The broader context involves an intensifying struggle for institutional supremacy among Indonesia's competing law-enforcement agencies. Police, prosecutors, and the Corruption Eradication Commission all claim overlapping jurisdictions in corruption cases, creating periodic tensions over visibility, control, and political influence. Recent military law revisions from 2025 have further complicated this landscape by allowing active-duty officers to serve in the Attorney General's Office without resigning, and by expanding prosecutors' authority to seek military protection – functions previously controlled exclusively by police. These shifts reshape Indonesia's institutional balance in ways that remain unstable and contested.
Since Prabowo's election, he has leveraged high-profile corruption investigations involving state-owned enterprises, former ministers, and his free-meals programme to project an image of decisive action against financial crime. Authorities have repeatedly staged televised press conferences showcasing seized cash, luxury vehicles, and gold bars, creating powerful symbolic demonstrations of institutional effectiveness. Yet these theatrical displays risk appearing hollow if the cases themselves reveal institutional partiality, as the Febrie investigation threatens to do.
Political lecturer Aditya Perdana from the University of Indonesia notes that while the sequence of recent events does not explicitly prove institutional conflict, it tells a suggestive story about how power is actually exercised. The timing of developments – raids on Febrie's residence, subsequent case transfers, and the naming of an active police brigadier general as a suspect in the free-meals investigation – suggests that turf wars and political calculations may influence case handling as much as legal principle.

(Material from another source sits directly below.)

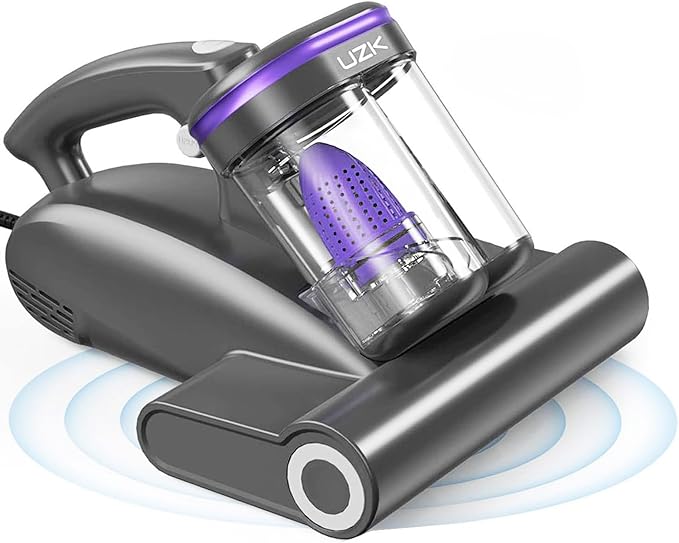 Bed Vacuum Cleaner Mattress Vacuum Cleaner,16Kpa Powerful Handheld Vacuums with UV-C Light & Double Dust Cup & High Heating & Ultrasonic & HEPA Filter for Bed Sofa(Corded,Purple)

Scholar Jacqui Baker from Murdoch University emphasises that successive Indonesian presidents have deliberately balanced law-enforcement institutions rather than allowing any single agency to dominate, recognising that investigative powers over corruption sit at the core of institutional political and economic authority. The 2025 military law changes reflect new calculations about how to distribute this crucial power, yet they also create fresh instability. Prabowo's balancing act remains unfinished, and the Febrie case will substantially determine whether his anti-corruption rhetoric translates into institutional credibility or merely masks the familiar patterns of institutional self-protection that have long compromised Indonesia's anti-corruption efforts.
As of mid-July, Febrie's whereabouts remained undisclosed, with immigration authorities imposing a 20-day ban on his departure at police request. He acknowledged owning raided properties but denied ownership of the seized assets. Public tensions eased after armed soldiers withdrew from his South Jakarta residence, with Prabowo calling for institutional "introspection" and the National Police chief appearing publicly with the attorney general to deny any rifts. Yet these gestures cannot resolve the fundamental question: whether Indonesia's anti-corruption architecture can function impartially when investigating its own most powerful members, or whether institutional self-preservation will continue limiting accountability.